▶ **YOUR TASK**
What the response needs is every record, repeated verbatim, and no images.

+ + +

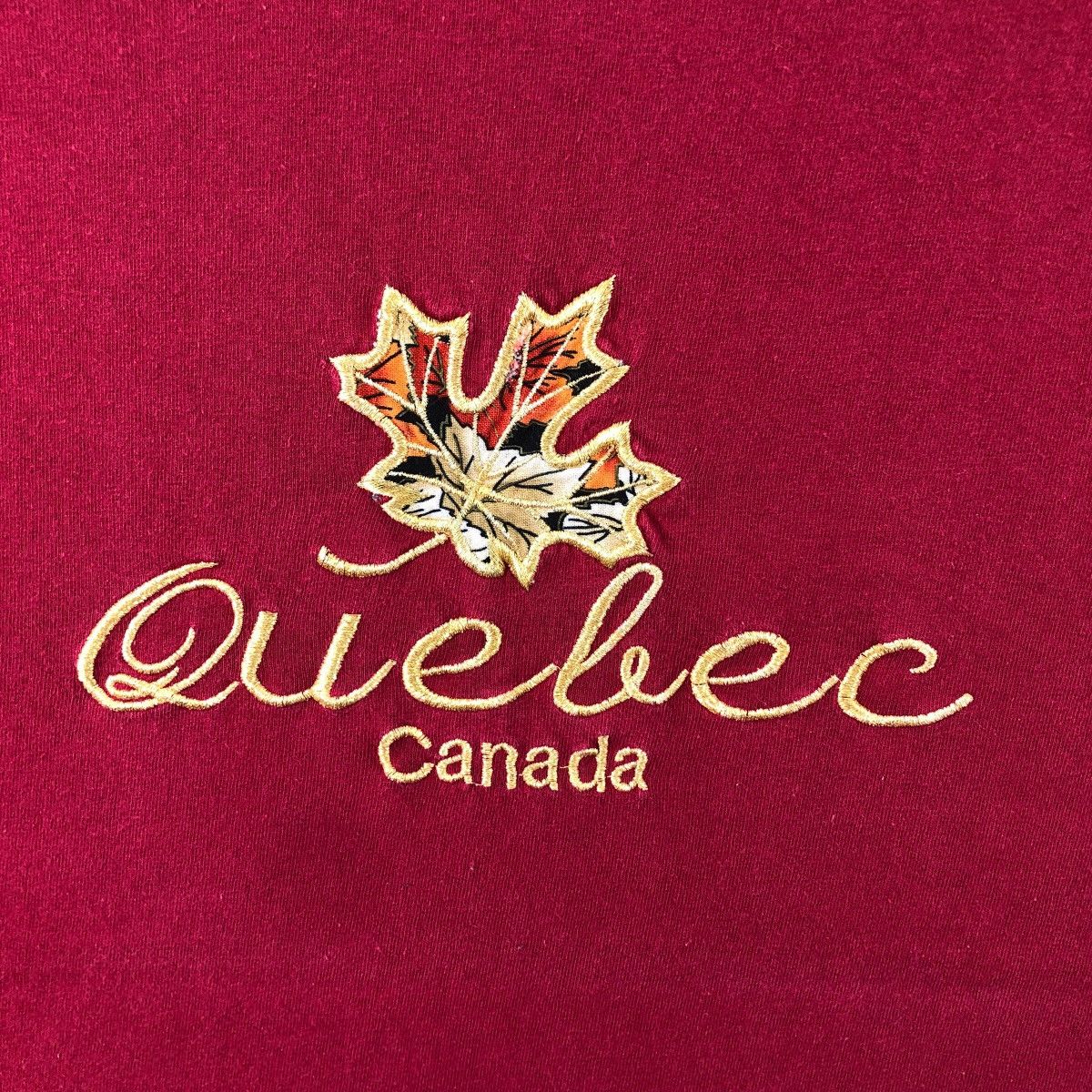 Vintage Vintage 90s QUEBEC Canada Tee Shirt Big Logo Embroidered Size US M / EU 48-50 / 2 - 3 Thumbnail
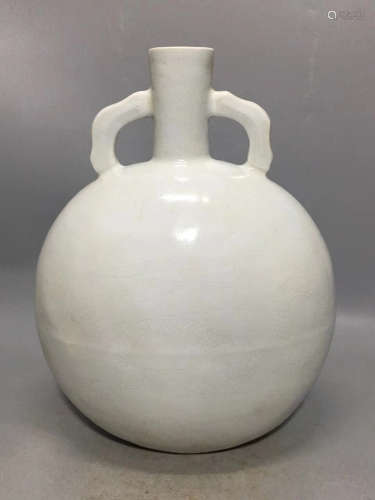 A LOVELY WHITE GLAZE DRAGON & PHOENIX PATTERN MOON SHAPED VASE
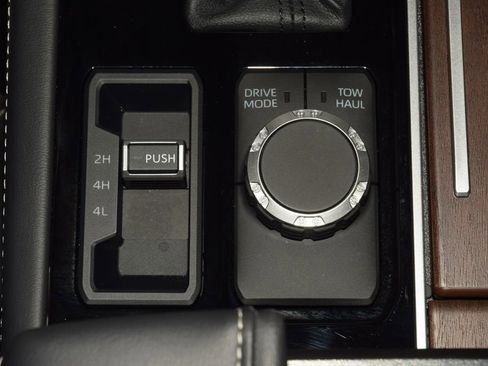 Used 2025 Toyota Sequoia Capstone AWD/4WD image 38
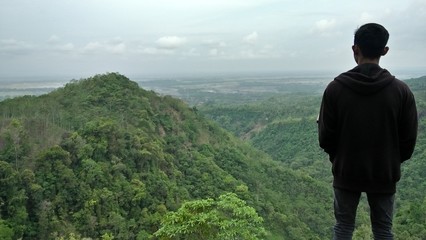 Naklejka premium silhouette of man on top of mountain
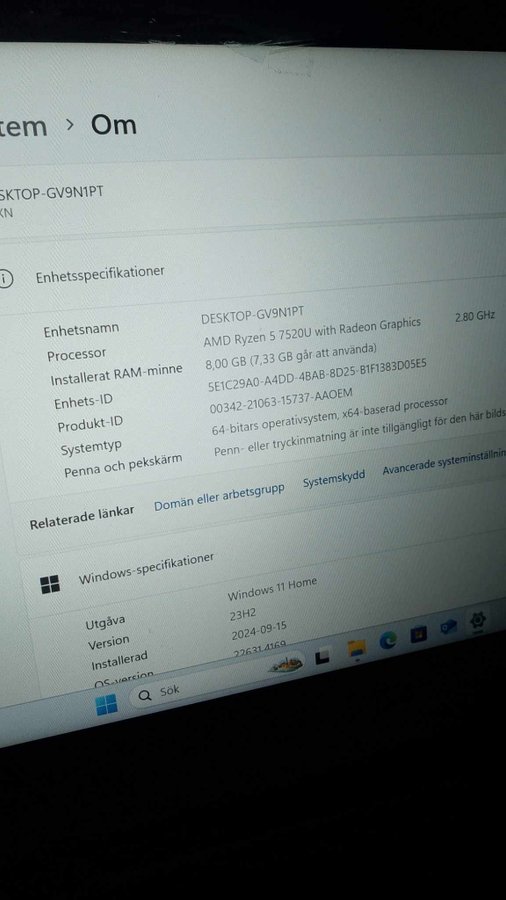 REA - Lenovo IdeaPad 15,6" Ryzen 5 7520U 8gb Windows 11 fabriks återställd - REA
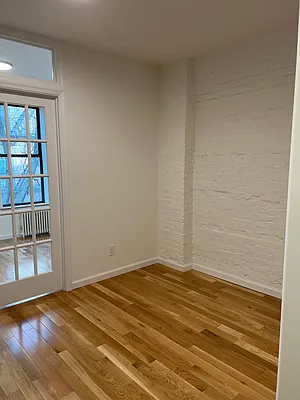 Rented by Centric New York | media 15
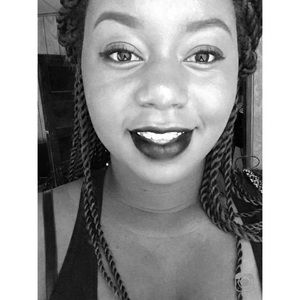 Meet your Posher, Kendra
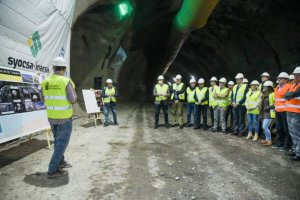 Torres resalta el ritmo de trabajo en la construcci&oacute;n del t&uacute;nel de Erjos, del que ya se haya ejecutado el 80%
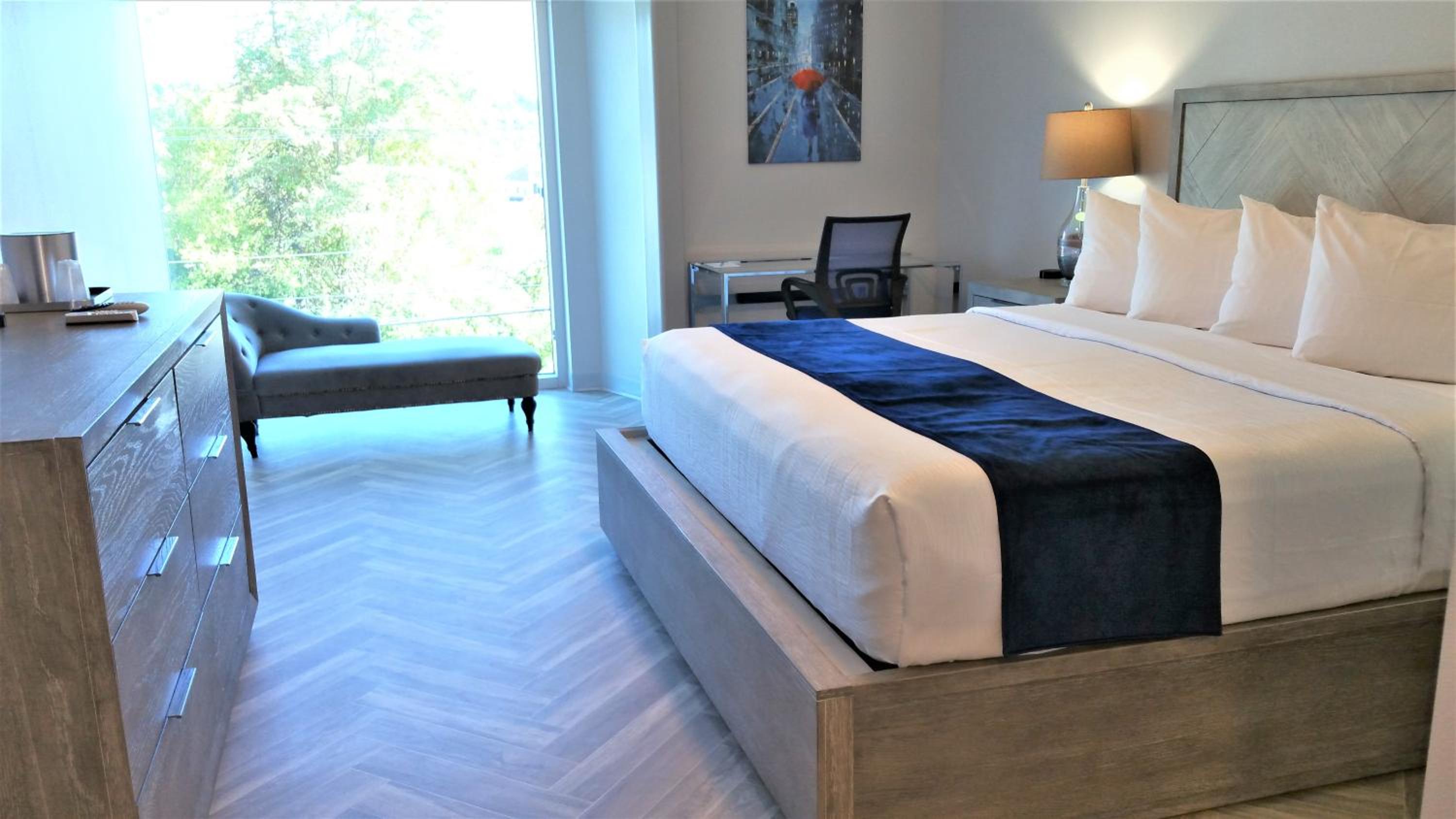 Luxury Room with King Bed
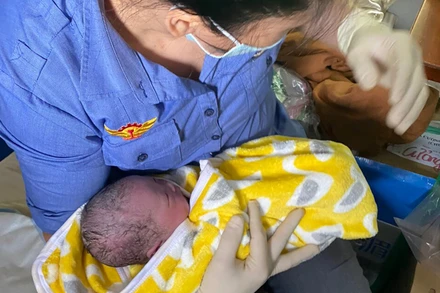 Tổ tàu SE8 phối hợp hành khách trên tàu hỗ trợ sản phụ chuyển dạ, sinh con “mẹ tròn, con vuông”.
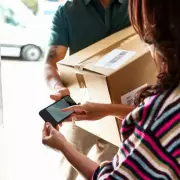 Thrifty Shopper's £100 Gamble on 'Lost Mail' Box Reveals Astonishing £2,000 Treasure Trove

+ + +

▶ **ANSWER TO THE PROBLEM**
 Vintage Vintage 90s QUEBEC Canada Tee Shirt Big Logo Embroidered Size US M / EU 48-50 / 2 - 3 Thumbnail
 A LOVELY WHITE GLAZE DRAGON & PHOENIX PATTERN MOON SHAPED VASE
 Used 2025 Toyota Sequoia Capstone AWD/4WD image 38
 Naklejka premium silhouette of man on top of mountain
 REA - Lenovo IdeaPad 15,6" Ryzen 5 7520U 8gb Windows 11 fabriks återställd - REA
 Rented by Centric New York | media 15
 Meet your Posher, Kendra
 Torres resalta el ritmo de trabajo en la construcci&oacute;n del t&uacute;nel de Erjos, del que ya se haya ejecutado el 80%
 Luxury Room with King Bed
 Tổ tàu SE8 phối hợp hành khách trên tàu hỗ trợ sản phụ chuyển dạ, sinh con “mẹ tròn, con vuông”.
 Thrifty Shopper's £100 Gamble on 'Lost Mail' Box Reveals Astonishing £2,000 Treasure Trove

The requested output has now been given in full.